Col Gill: As the trees grow, Punjab will have a new forest
Col Gill brings back a forest to save a river in Ludhiana
TREES disappear in twos and threes. Entire forests vanish. Public land gets encroached on. Human wastes and chemicals get dumped in water bodies.
What can you do about such ugly transgressions even as they sully your life? Precious little, you might say. Cleaning up after others isn’t easy. There is no joy in getting cumbersome governments to act. Holding offenders to account can get messy.
Move on and let it happen would be the cautious response. But not so with Lt Col Jasjit Singh, 67, who is retired from the Army, has farming interests and lives in Ludhiana, Punjab’s overgrown and underserved commercial hub.
He has through doughty efforts for the past three years been successful in getting the government to begin regreening both banks of the Buddha Dariya, which is infamous as Punjab’s most polluted river.
At his urging 18 acres have been reclaimed from encroachers downstream and 7,000 trees have been planted.

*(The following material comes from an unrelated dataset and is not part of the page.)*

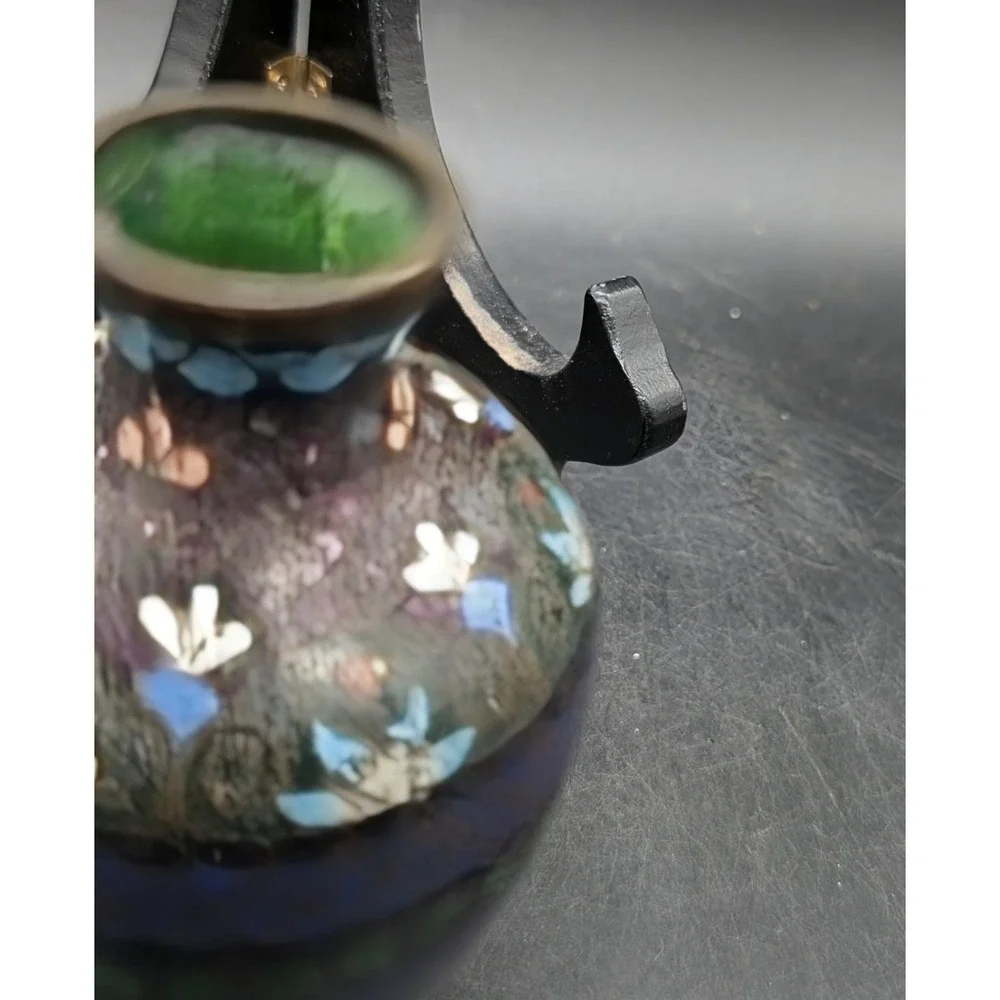 Antique Japanese Cloisonne Enamel Miniature Vase Blue Green Floral 3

Another 24 acres have been reclaimed upstream. The reclaimed banks have been fenced.
If Col Gill’s efforts are carried through, as many as 300 acres could be regreened over time. The trees that have been planted are young. But as they grow, they are well on their way to being the ‘newest forest in Punjab’, as Col Gill excitedly puts it. The planting of the trees, all local species, has been done by the forest department.
The Buddha Dariya flows through Ludhiana and then joins the Sutlej. The busy and teeming city dumps all its wastes into the Buddha Dariya, reducing its status from a small river to the equivalent of a drain. Sewage, dairy wastes and dung, chemicals from dyeing units and whatnot go into its waters.
Treatment of noxious effluents takes place mostly in name. A grandiose project by the previous Congress government has involved huge sums of public money but with poor detailing it has been a non-starter.
A small band of citizens, of which Col Gill is a part, have been trying to get dairies to shift and mills and dyeing units to be more responsible but, as expected, entrenched interests have been unmoved.
The Buddha Dariya carries its pollution downstream and poisons the water that people downstream need for agriculture and personal consumption. On the journey down, its banks have been grabbed, mostly by farmers extending their reach and thereby weakening the capacity of the river to regenerate itself through environmentally friendly trees and grasses. In addition, dredging of the river by the government results in plastics and wastes being fished out and dumped along its course.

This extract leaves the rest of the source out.